You are viewing a plain text version of this content. The canonical link for it is here.
Posted to dev@tika.apache.org by "Hudson (JIRA)" <ji...@apache.org> on 2015/06/11 02:48:00 UTC

[jira] [Commented] (TIKA-1654) Reset cTAKES CAS into CTAKESParser

    [ https://issues.apache.org/jira/browse/TIKA-1654?page=com.atlassian.jira.plugin.system.issuetabpanels:comment-tabpanel&focusedCommentId=14581293#comment-14581293 ] 

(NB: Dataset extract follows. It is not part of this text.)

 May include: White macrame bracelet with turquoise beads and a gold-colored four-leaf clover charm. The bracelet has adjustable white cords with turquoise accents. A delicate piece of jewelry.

Hudson commented on TIKA-1654:
------------------------------

SUCCESS: Integrated in tika-trunk-jdk1.7 #744 (See [https://builds.apache.org/job/tika-trunk-jdk1.7/744/])
TIKA-1654 Reset cTAKES CAS into CTAKESParser (Fix for TIKA-1645) (totaro: http://svn.apache.org/viewvc/tika/trunk/?view=rev&rev=1684801)
* /tika/trunk/tika-parsers/src/main/java/org/apache/tika/parser/ctakes/CTAKESContentHandler.java
* /tika/trunk/tika-parsers/src/main/java/org/apache/tika/parser/ctakes/CTAKESParser.java
* /tika/trunk/tika-parsers/src/main/java/org/apache/tika/parser/ctakes/CTAKESUtils.java


> Reset cTAKES CAS into CTAKESParser
> ----------------------------------
>
>                 Key: TIKA-1654
>                 URL: https://issues.apache.org/jira/browse/TIKA-1654
>             Project: Tika
>          Issue Type: Bug
>          Components: parser
>            Reporter: Giuseppe Totaro
>            Assignee: Giuseppe Totaro
>              Labels: patch
>             Fix For: 1.9
>
>         Attachments: TIKA-1654.patch
>
>
> Using [CTAKESParser from Tika Server|https://wiki.apache.org/tika/cTAKESParser], I noticed that an exception occurs when the CTAKESParser is used multiple times:
> {noformat}
> org.apache.uima.cas.CASRuntimeException: Data for Sofa feature setLocalSofaData() has already been set.
> {noformat}
> This is due to the CAS (Common Analysis System) used by CTAKESParser. The CAS, as the AE (AnalysisEngine), is a static field into CTAKESParser to make a sort of singleton.
> By the way, An Analysis Engine is a cTAKES/UIMA component responsible for analyzing unstructured information, discovering and representing semantic content. An AnalysisEngine operates on an "analysis structure" (implemented by CAS).
> It is highly recommended to reuse the CAS, but it has to be reset before the next run. The CTAKESUtils class ({{org.apache.tika.parser.ctakes}}) provides the reset method to release all resources held by both AnalysisEngine and CAS and then "destroy" them. This method prevents the CASRuntimeException error.
> You can find in attachment the patch including two new methods (resetCAS and resetAE) to reset, but not to destroy, the CAS and the AnalysisEngine respectively.
> By using only resetCAS, CTAKESParser can reuse both CAS and AE instead of building them again for each run.



--
This message was sent by Atlassian JIRA
(v6.3.4#6332)